TRIBUNNEWS.COM – Perdana Menteri Israel Benjamin Netanyahu dan Menteri Pertahanan Israel Yoav Gallant berselisih soal hambatan pembicaraan gencatan senjata antara Israel dan Hamas.
Pembicaraan tersebut dimediasi oleh mediator, Mesir dan Qatar, dengan tujuan untuk membebaskan tahanan Israel di Gaza dan warga Palestina yang ditahan oleh Israel.
“Alasan penghentian kesepakatan penyanderaan sebagian karena Israel,” kata Yoav Gallant dalam pengarahan pribadi di depan komite parlemen, Senin (8/12/2024), menurut laporan KAN.
Yoav Gallant membahas opsi yang dihadapi Israel dalam perjanjian gencatan senjata yang dapat mengakhiri pertempuran dengan Hamas di Jalur Gaza dan di utara dengan Hizbullah Lebanon.

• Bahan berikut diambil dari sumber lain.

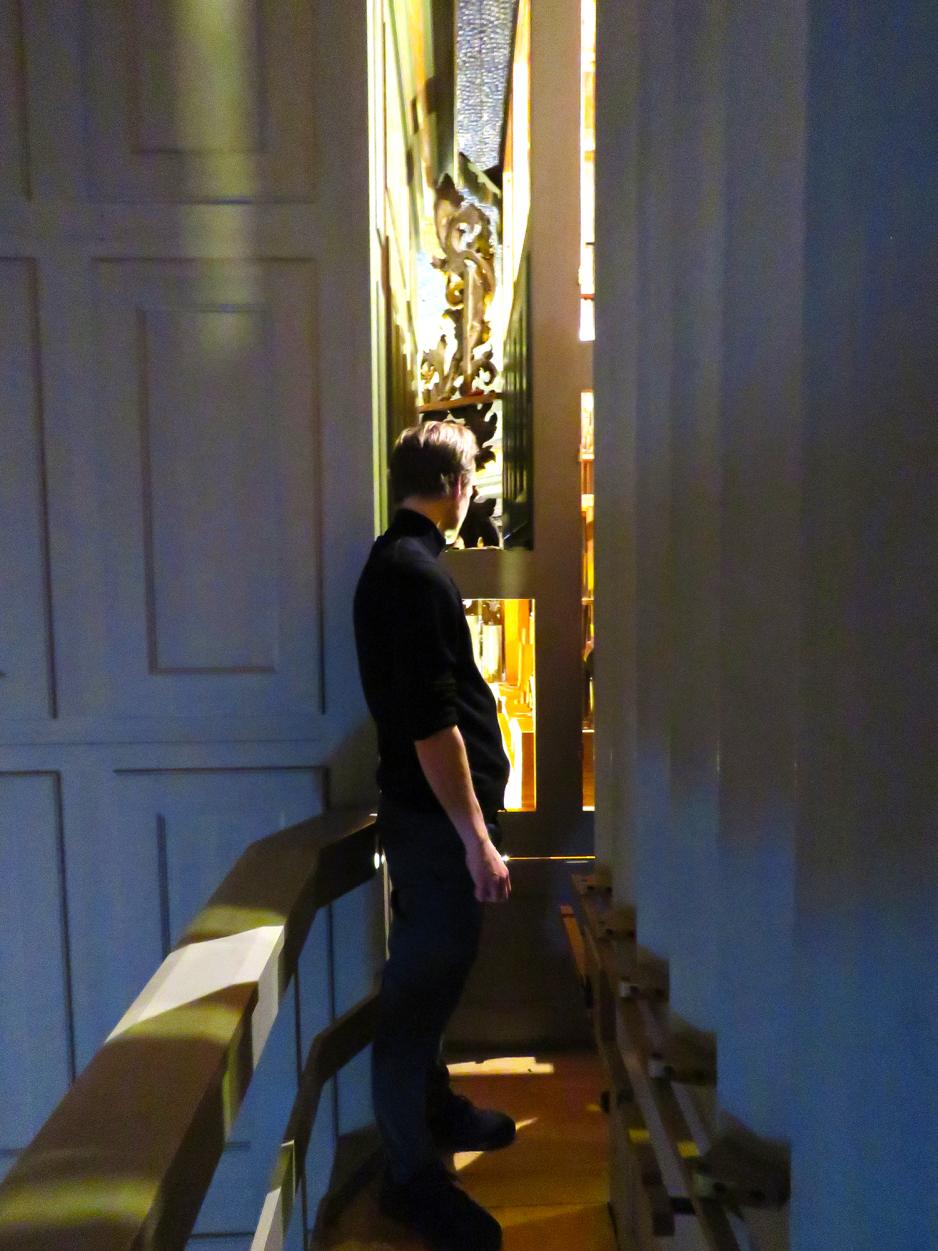 En svartkledd mann st&aring;r ved orgelmekanismen bak et orgel.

“Saya dan lembaga pertahanan mendukung opsi pertama, daripada berbicara tentang ‘kemenangan total’ dan semua omong kosong itu,” katanya, merujuk pada ungkapan yang sering disebutkan Netanyahu. Netanyahu menanggapi ucapan Yoav Gallant
Perdana Menteri Israel Benjamin Netanyahu membalas kritik keras Menteri Pertahanannya Yoav Gallant terhadap sulitnya negosiasi gencatan senjata.
“Yoav Gallant menggunakan narasi anti-Israel dan merusak prospek mencapai kesepakatan untuk membebaskan para sandera,” kata kantor Netanyahu dalam sebuah pernyataan pada hari Senin.

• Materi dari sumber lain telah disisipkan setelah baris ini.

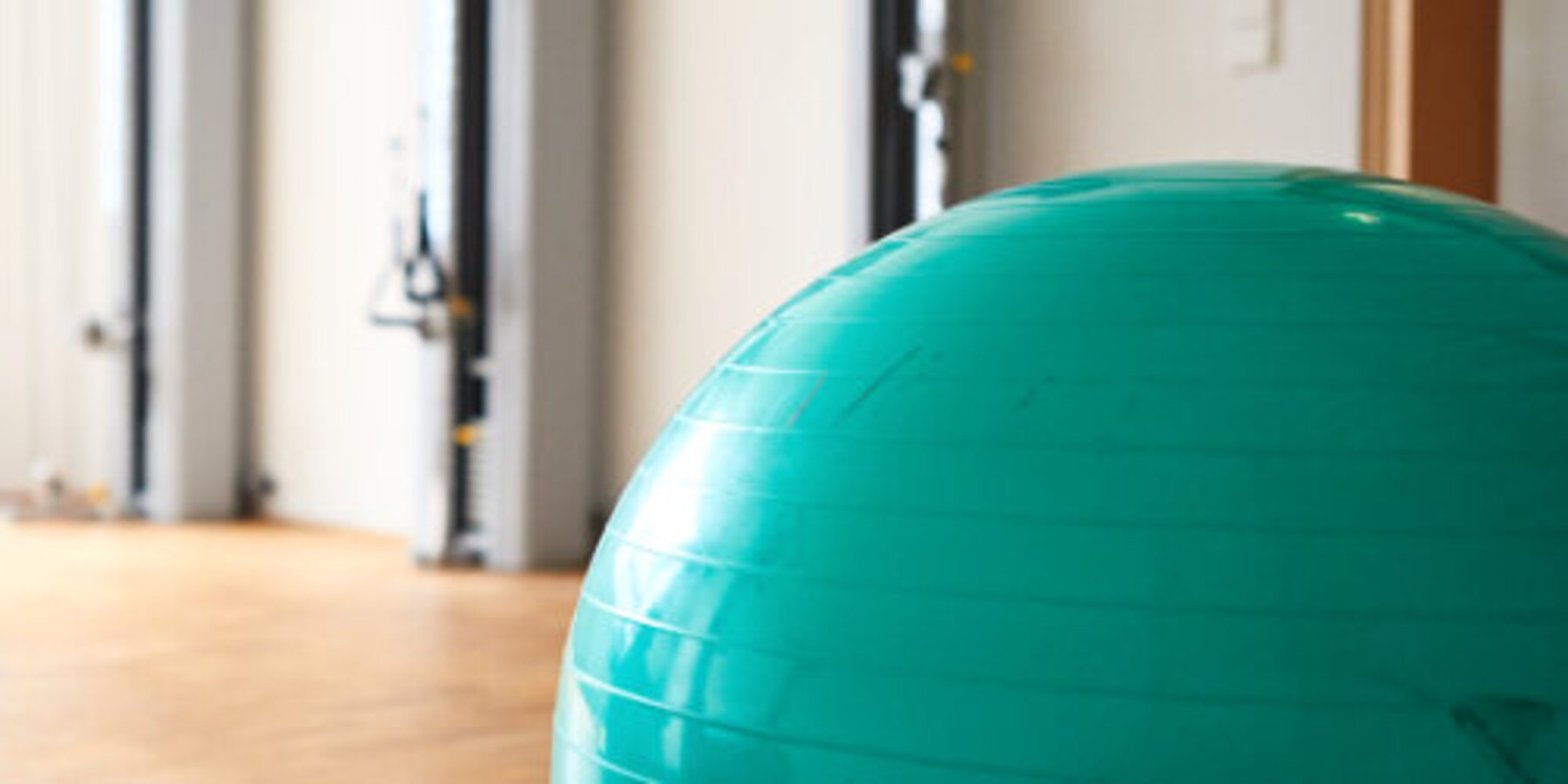 Bild aus einem Therapieraum: im Vordergrund ein großer grüner Gymnastikball, daneben eine Matte, auf der ein Handtuch liegt.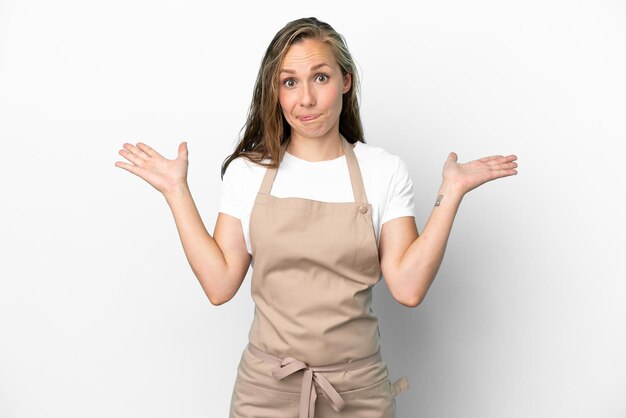 Restaurant waiter caucasian woman isolated on white background having doubts while raising hands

Dia mengatakan Yoav Gallant harus menyalahkan Yahya Sinwar atas sulitnya negosiasi gencatan senjata.
“Dia seharusnya menyerang (Kepala Biro Politik Hamas) Yahya Sinwar, yang menolak mengirim delegasi ke perundingan, dan menjadi satu-satunya penghambat kesepakatan penyanderaan,” lanjutnya.
Menurut Netanyahu, Israel hanya punya satu pilihan, yaitu melanjutkan perang.
“Israel hanya punya satu pilihan: meraih kemenangan total, yang berarti menghilangkan kemampuan tentara dan pemerintah Hamas serta membebaskan para penculik kami, dan kemenangan itu akan diraih dan mengikat semua orang, termasuk Gallant,” ujarnya, seperti dilansir Arab News. Jumlah korban di Jalur Gaza
Saat ini Israel masih terus melakukan invasi ke Jalur Gaza, jumlah korban tewas warga Palestina meningkat menjadi lebih dari 39.790 orang, dan 91.722 lainnya luka-luka sejak Sabtu (7/10/2023) hingga Sabtu (10/8/2024), dan 1.147 kematian. di wilayah Israel, lapor Anadolu Agency.
Sebelumnya, Israel mulai melakukan pengeboman di Jalur Gaza setelah gerakan perlawanan Palestina, Hamas, melancarkan Operasi Banjir Al-Aqsa pada Sabtu (7/10/2023) untuk melawan pendudukan Israel dan kekerasan di Al-Aqsa sejak tahun 1948.
Israel memperkirakan sekitar 120 sandera, baik hidup maupun mati, dan masih ditahan oleh Hamas di Jalur Gaza, menyusul pertukaran 105 sandera dengan 240 tahanan Palestina pada akhir November 2023.